FIG. 10A shows a core 111 of the construction element 110, produced by one or more of the fabrication processes described above.
In FIGS. 10B-10C, a cross-section and detailed cross-section view of the desired construction element 110 geometry are shown, the element 110 comprising the core 111 and a shell 112. The element 110 is a configured as a rectilinear panel, having substantially planar surfaces and sharp corners and edges. The shell 112 is fabricated according to a dipping or spraying process, as described above.
In FIGS. 10D-10E, a cross-section and detailed cross-section view of the construction element 110 are shown, illustrating the actual geometry of the shell 112 after application to the core 111. Due to the surface tension of the second building material that forms the shell 112 being unable to support the creation of sharply defined corners and edges, the corners and edges of the shell 112 are rounded.
In FIG. 10F, a detailed cross-section view of the construction element 110 is shown, the element comprising an alternative core 113. To attempt to address the rounding of the edges of the shell 112, the alternative core 113 has an optimised edge geometry, comprising two ramped portions 114 that are inclined away from the surface each ramp 114 is joined to, and join each other at a point. The ramped portions 114 are arranged to retaining settable building material in place, along each desired sharp edge, during curing, to allow the shell 112 to form sharp corners and edges.
FIGS. 11A-11C are cross section views of various edge strips 120-122 for connecting to an edge of a core, prior to the settable material being applied and cured.
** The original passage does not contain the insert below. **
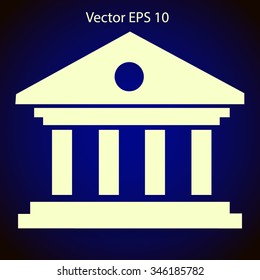 reliable bank vector illustration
Similar to the geometry of the core 113 described above, the edge strips 120-122 help control the surface tension rounding of edges, and assist a shell to form a sharp edge.
FIG. 11A shows a right-angled edge strip 120 connected to a core 123 and surrounded by a shell 126. The right-angled edge strip 120 comprises two core engaging arms 124 secured to respective surfaces of the core 123 either side of an edge, and a barrier arm 125 joined to the engaging arms 124 and extending away from the edge, typically at 45° to each surface the engaging arms 124 are secured to.
FIG. 11B shows a custom angle edge strip 121 connected to an alternative, non-regular shaped core 127 and surrounded by a shell 128. The custom angle edge strip 121 comprises two core engaging arms 129 secured to respective surfaces of the core 127 either side of an edge, and a barrier arm 130 joined to the engaging arms 129 and extending away from the edge. As custom angle edge strip 121 may need to follow three-dimensional curves along the edge, it is typically 3D printed, to allow for efficient customisation.
FIG. 11C shows an insert edge strip 122 connected in a recess in a further alternative core 131 and surrounded by a shell 132. The insert edge strip 123 comprises two recess engaging arms 133 secured to inside surfaces of the recess, and a barrier structure 134 connected to the engaging arms 133 and extending away from the recess.
It will be apparent that obvious variations or modifications may be made to the present invention which are in accordance with the spirit of the invention and intended to be part of the invention. Although the invention is described above with reference to specific embodiments, it will be appreciated that it is not limited to those embodiments and may be embodied in other forms.